Thoughts about Death and Living Life
One of my favorite stories is one told of a great rabbi and mystic who lived several centuries ago, Rabbi Menachem Mendal of Kotzk. He asked his students, “What would you do if you knew you had only one more week to live?” The first answered, “I would spend it with my family,” another said, “I would spend it doing mitzvoth, good acts of kindness,” a third said” I would spend it studying Torah, meditating and praying.” Then they turned to Rabbi Menachem Mendal and asked him, rabbi, “and what would you do?” Answered the rabbi, “I would do what I do every day.”
I have often wondered what it would be like to know I was dying. We all are, you know. Religion runs the risk of missing this. Often it either focuses on a different world after death, and so misses the impact of living here and now in a way informed by the reality of our death, or fixated on how to perform the details of this life, its proscriptions, beliefs and rituals, shrinking the space humans have in which to sit back and really feel the great reality of death; that we are dying and on some level, for even the most profound believer, death brings with it annihilation, nonbeing as we know it.

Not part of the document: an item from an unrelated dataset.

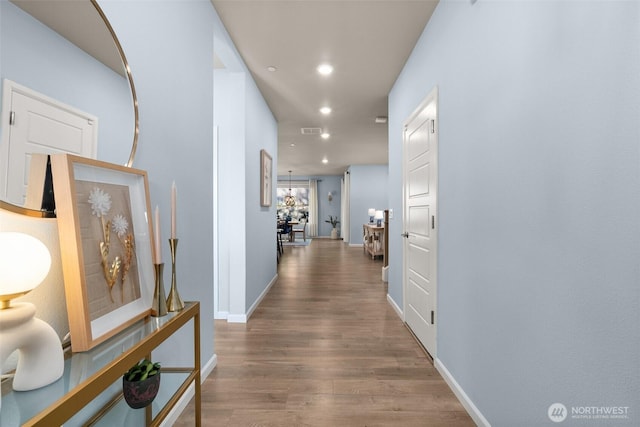 12011 SE 299th Pl, Auburn, WA 98092 - hall featuring baseboards, recessed lighting, wood finished floors, and visible vents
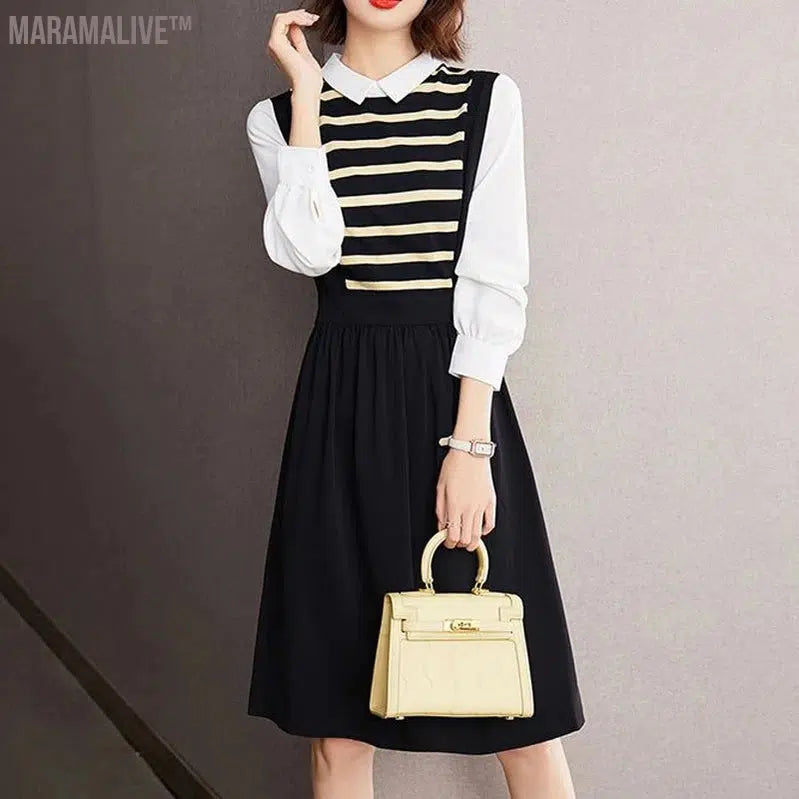 spring autumn new Contrast color Fake two pieces Midi dress women High street Casual dresses elegant Striped All-match Vestidos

Some will instinctively dismiss this notion with, “yes, but for a better life with God.” Perhaps, but even if that is so, if we do not give ourselves the opportunity to know we are dying, to feel the dread of oblivion first, then we have ignored an important gift. Being human, truly being present in the here and now, means knowing we will cease to be. Many deny death, ignore death in these and other much more superficial ways, but to live in a state of avoidance is perhaps to not really live.
How would you live if you knew we are dying? (Which again I remind you, we are.) What regrets do you have? What changes can be made? What letters written? What experiences had? What really is meaningful and what is not? Why are we here? What is my unique place and mission in this mysterious, but I believe meaningful, world?